As the time of year arrives when I usually travel to Portugal I get a hankering to feast on the traditional Portuguese foods I savor there.

I daydream about the plate of sizzling grilled fresh-caught sardines I always have for lunch a couple of hours after my TAP flight touches the runway in Lisbon. I thirst for a well-rounded Dao or a crisp cool Vinho Verde in my glass. No sweet tastes as good to me as a quivering pudim flan.

All of which led me to steer my family to an unusual venue for a dinner celebrating my daughter’s graduation – at a cervejaria in the little mill town of Valley Falls, Rhode Island. Cervejaria translates literally as “a place for beer,” but “beer joint” is not quite the right description for the Valley Falls Cervejaria.

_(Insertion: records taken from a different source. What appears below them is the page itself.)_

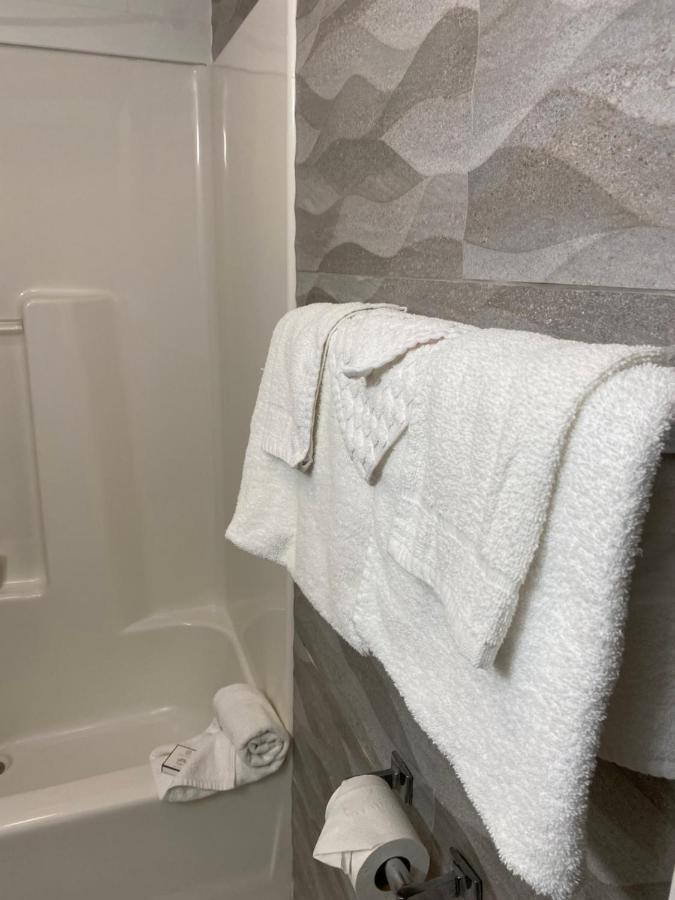 Relax Inn North Babylon Luaran gambar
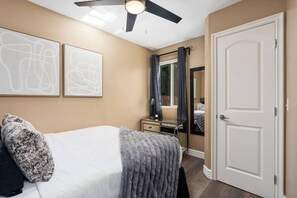 Desk, iron/ironing board, travel cot, WiFi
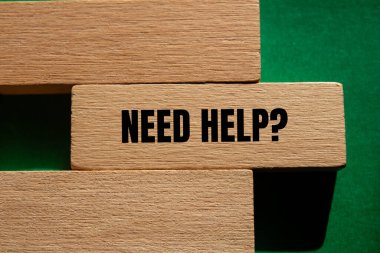 Tahta bloğa yeşil arka planlı bir yardım sorusu yazılması gerekiyor. Kavramsal yardım soru sembolü. Boşluğu kopyala.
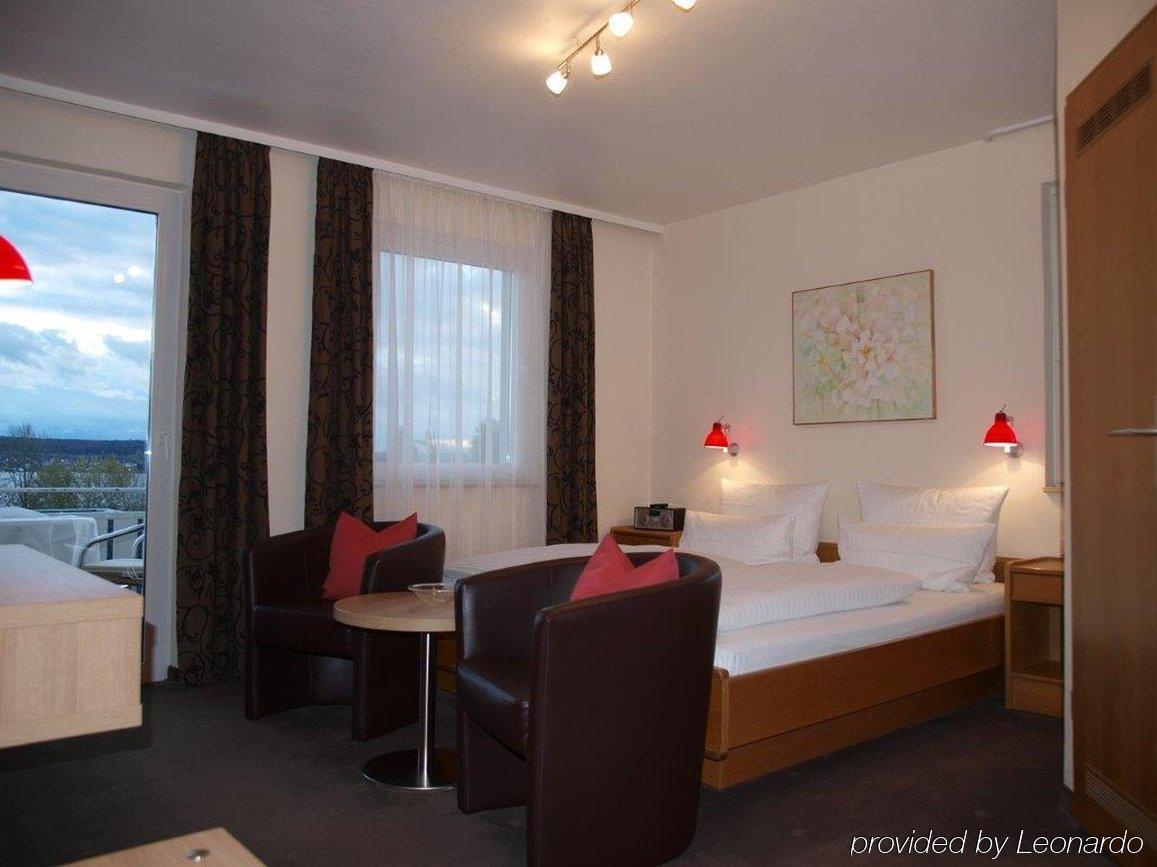 Hotel Alpenblick Garni ユーバーリンゲン エクステリア 写真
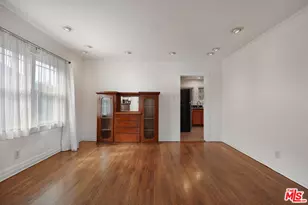 1271 S Mullen Ave, Los Angeles, CA 90019 - Photo 10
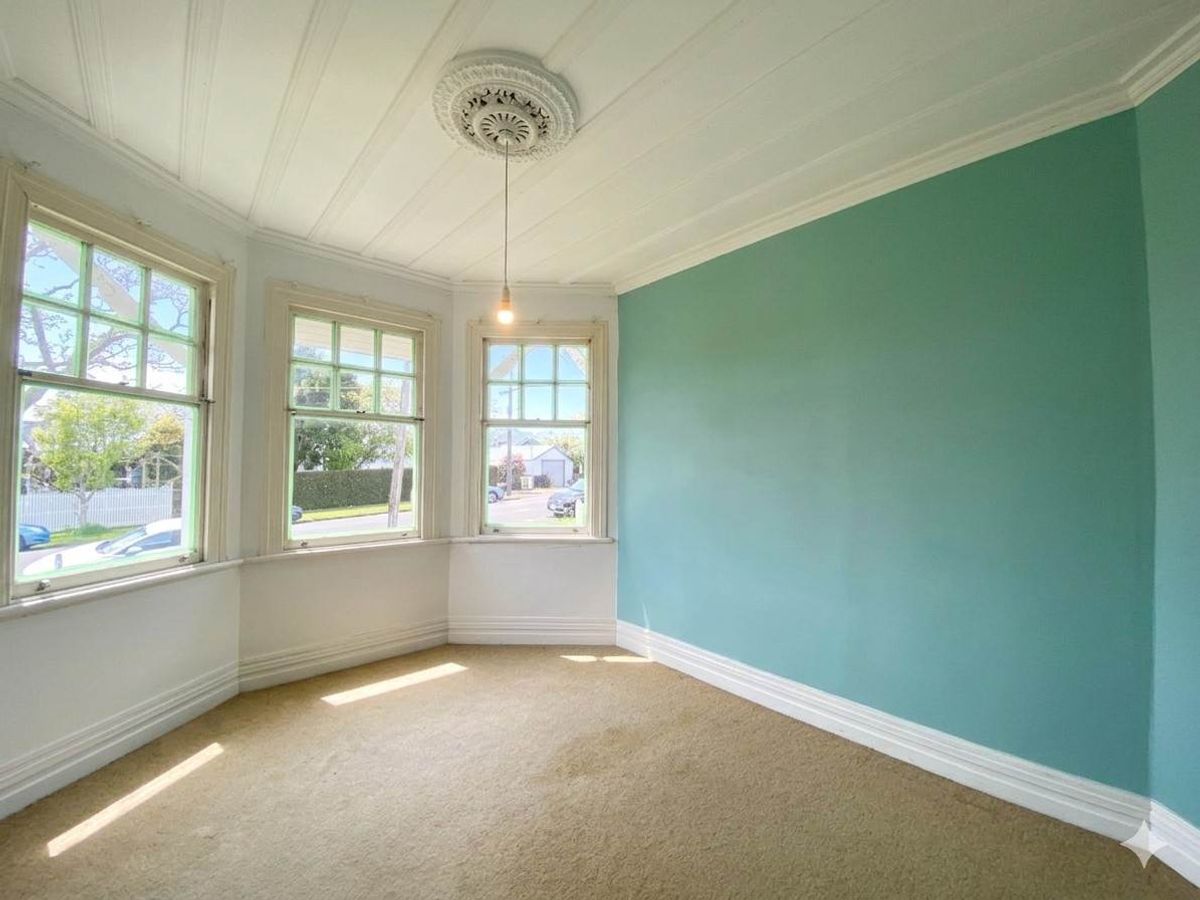 Conveniently Located Spacious Villa in Mt Eden - Ansicht 3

Yes, you walk into a friendly bar filled with men standing or sitting at little tables watching television beamed in from Portugal, but the smiling Anna opens the door to the adjoining diningroom – very much like entering a restaurant in any small town in Portugal.

At 3 pm on a Sunday afternoon we are the only family there. Would it be easier if we ate in the other room, we ask? No, it’s quieter in here, Anna tells us, so we stay in our private diningroom with its cheery sunflower-yellow walls and big windows.

She brings menus and tells us that the day’s specials are Porco Alentejo and cabrito – roast kid. We order both, and a bottle of red wine from the Alentejo. With the wine comes a dish of Portuguese olives and a rondelle of white cheese that she has just made. It is delicious, and we nibble until the entrees arrive.

First the cabrito – a platter-sized plate (one serving) of tender, juicy kid with potatoes and roasted red peppers, slightly hot, but not fiery. Then come the platters of pork for the rest of us, each the size I would serve as dinner for two.

Maybe it was just because it had been a year since I’d last tucked into this traditional dish in Portugal, but a few bites convinced me that this was the best Porco Alentejo I had ever eaten. The pork was meltingly tender and the clams, instead of the fresh-water clams used in Portugal, were tiny Narragansett Bay quahogs. Added at the last minute and steamed only until the shells sprang open, the tiny morsels were redolent of the sea.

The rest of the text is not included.